▸ **TASK DESCRIPTION**
Starting from the line containing "Anrabess Mauve Turtleneck", give again every line through the end of the entries, word for word. Pictures stay out of the copy.

** Opening DATA EXCERPTS block **

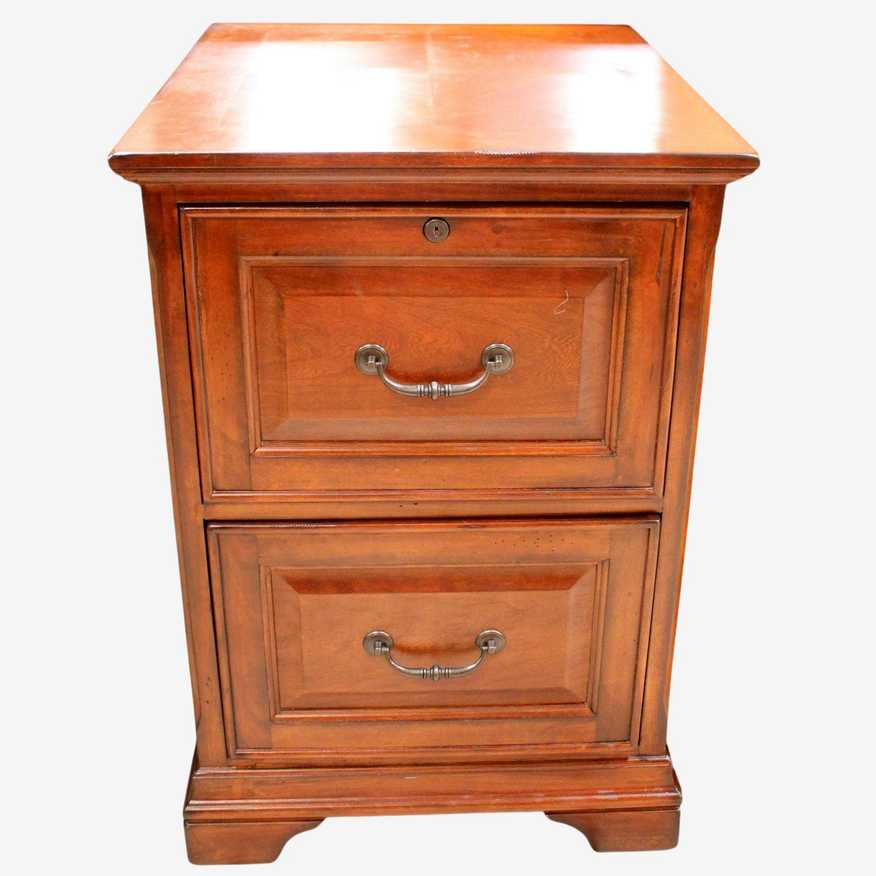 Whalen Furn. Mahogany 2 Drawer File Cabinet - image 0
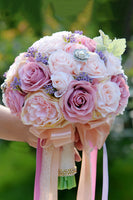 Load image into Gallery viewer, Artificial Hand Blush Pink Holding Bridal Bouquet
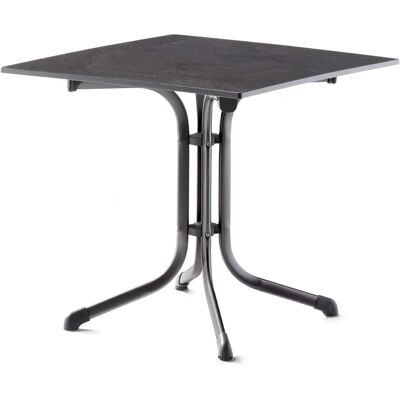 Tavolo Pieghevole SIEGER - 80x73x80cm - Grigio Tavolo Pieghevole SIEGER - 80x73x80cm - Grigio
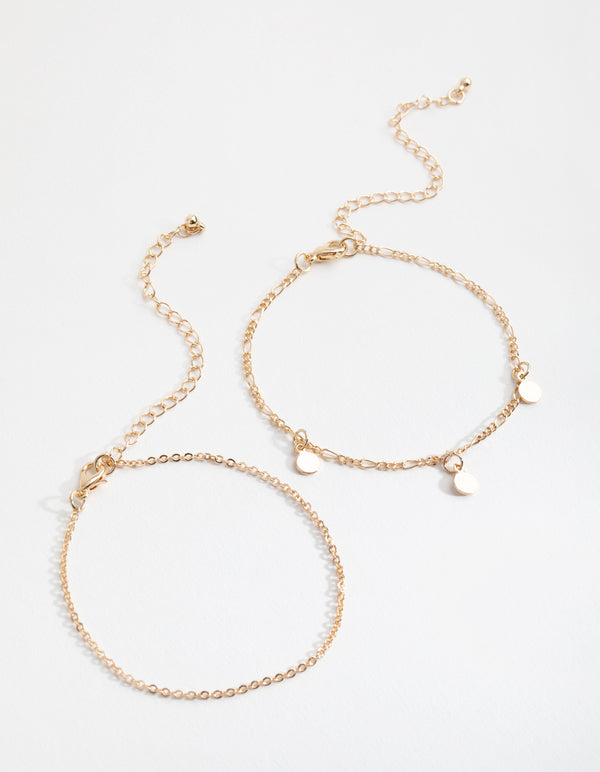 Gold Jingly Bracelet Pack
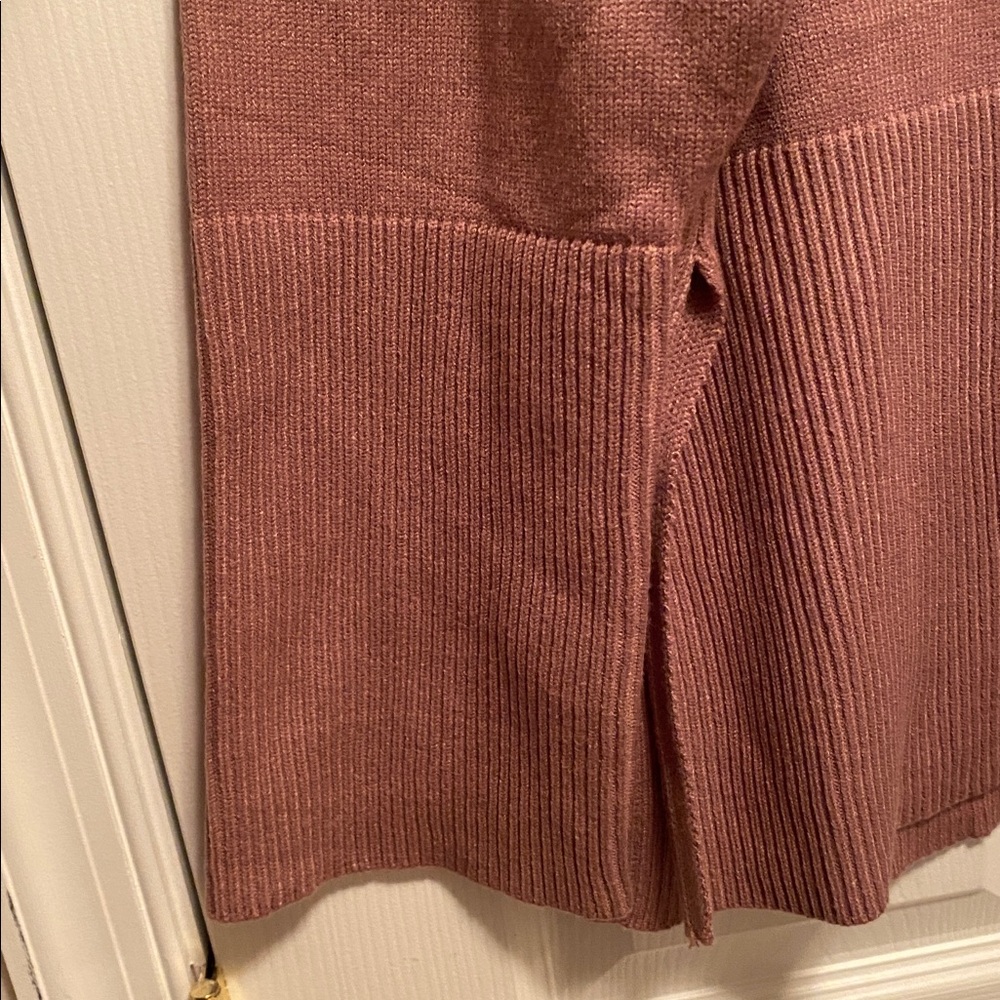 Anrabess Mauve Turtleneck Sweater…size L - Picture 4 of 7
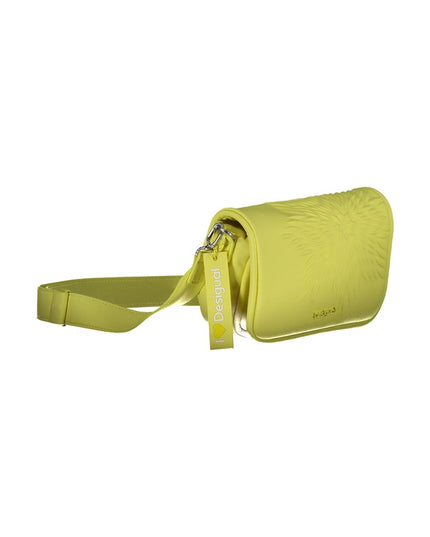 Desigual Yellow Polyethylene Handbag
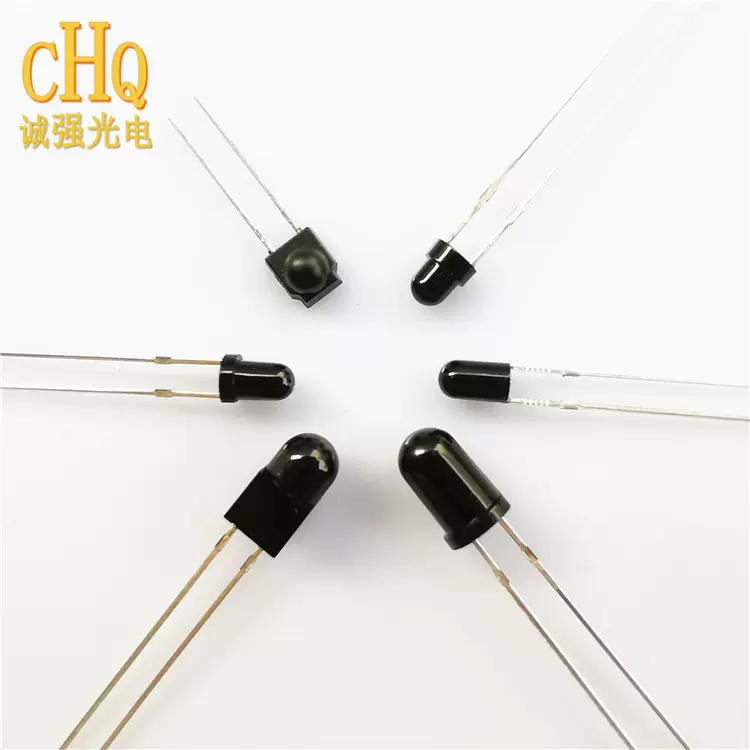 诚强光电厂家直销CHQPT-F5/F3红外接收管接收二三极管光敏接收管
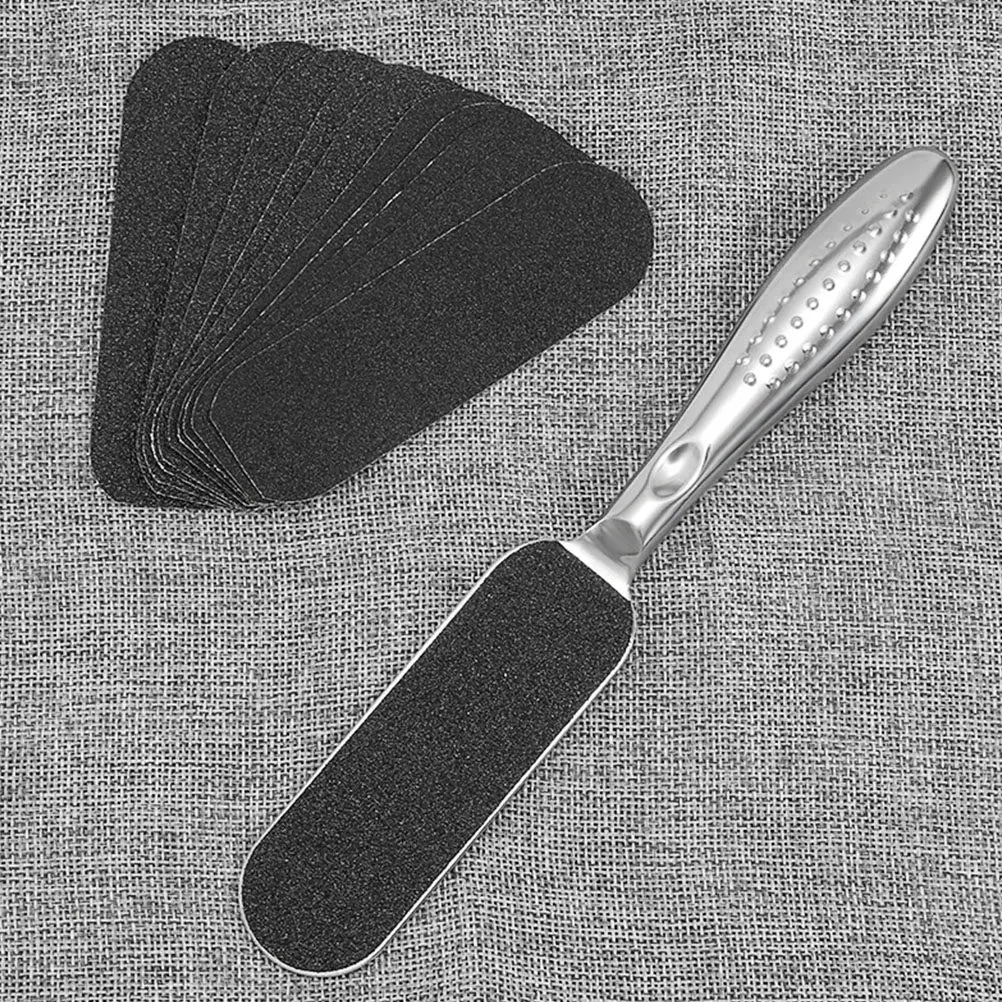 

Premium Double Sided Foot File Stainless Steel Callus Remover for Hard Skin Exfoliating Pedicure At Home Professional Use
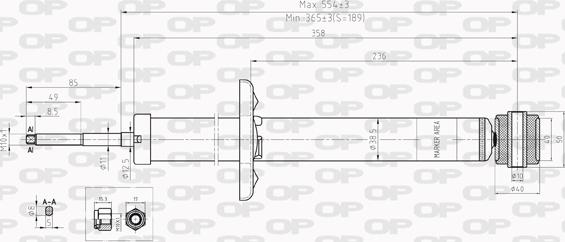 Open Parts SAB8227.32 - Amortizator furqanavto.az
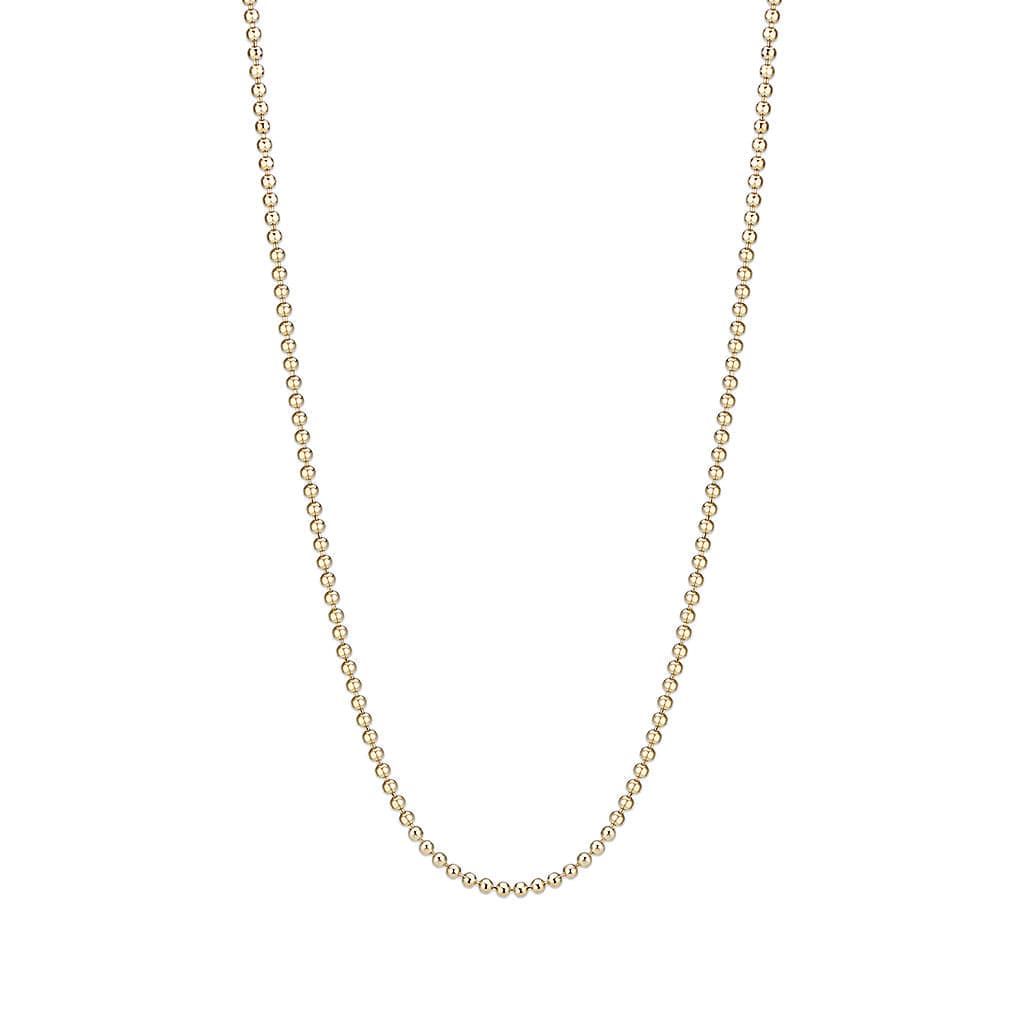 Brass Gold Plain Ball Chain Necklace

** Closing DATA EXCERPTS block **

▸ **TASK RESULT**
 Anrabess Mauve Turtleneck Sweater…size L - Picture 4 of 7
 Desigual Yellow Polyethylene Handbag
 诚强光电厂家直销CHQPT-F5/F3红外接收管接收二三极管光敏接收管

Premium Double Sided Foot File Stainless Steel Callus Remover for Hard Skin Exfoliating Pedicure At Home Professional Use
 Open Parts SAB8227.32 - Amortizator furqanavto.az
 Brass Gold Plain Ball Chain Necklace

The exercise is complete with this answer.